» DESCRIPTION OF THE TASK
Copy out all the lines of the data precisely, omitting any pictures.

» DATA TO USE
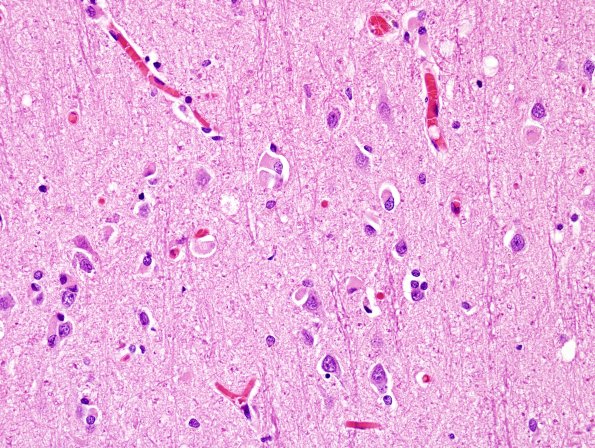 2C4 MSA (Case 2) L21 Precentral gyrus H&E 19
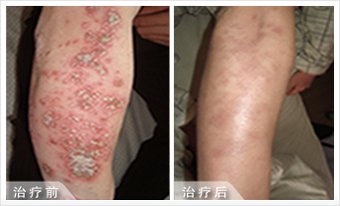 感谢我院的治疗
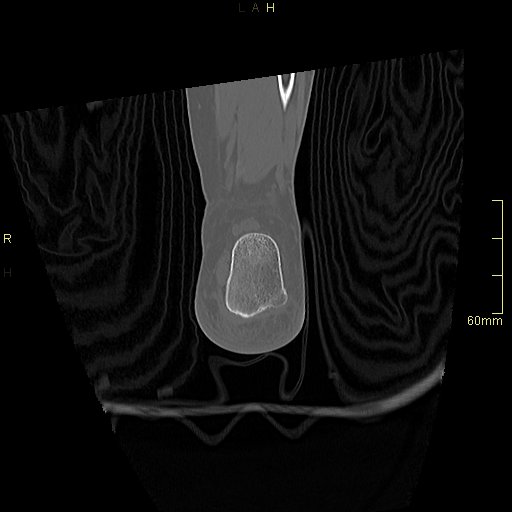 Chaput tubercle fracture (Radiopaedia 80319-93956 Coronal non-contrast 55).jpg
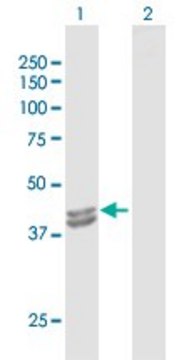 Anti-IVD antibody produced in rabbit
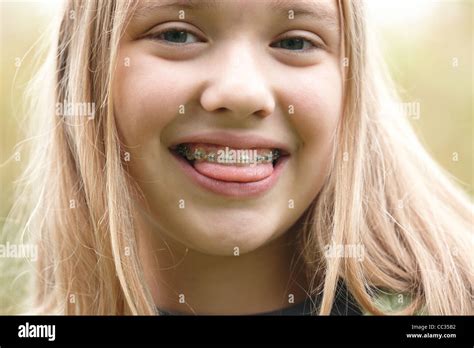 Lächelnd Jugendlicher Mädchen Mit Zahnspangen Stockfotografie Alamy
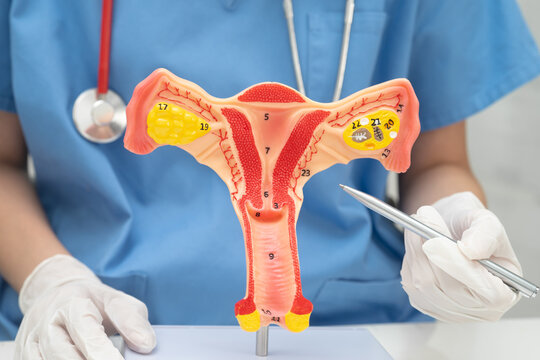 Doctor holding human uterus model for vaginal and cervix pap smear check up in the obstetrics and gynecology.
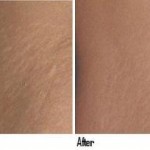 Laser Removal of Stretch Marks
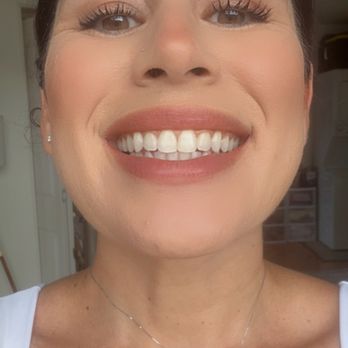 Katherine M Masaki, DDS, MS - After - Orthodontists Near Me - Honolulu, Hawaii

» WRITTEN ANSWER
 2C4 MSA (Case 2) L21 Precentral gyrus H&E 19
 感谢我院的治疗
 Chaput tubercle fracture (Radiopaedia 80319-93956 Coronal non-contrast 55).jpg
 Anti-IVD antibody produced in rabbit
 Lächelnd Jugendlicher Mädchen Mit Zahnspangen Stockfotografie Alamy
 Doctor holding human uterus model for vaginal and cervix pap smear check up in the obstetrics and gynecology.
 Laser Removal of Stretch Marks
 Katherine M Masaki, DDS, MS - After - Orthodontists Near Me - Honolulu, Hawaii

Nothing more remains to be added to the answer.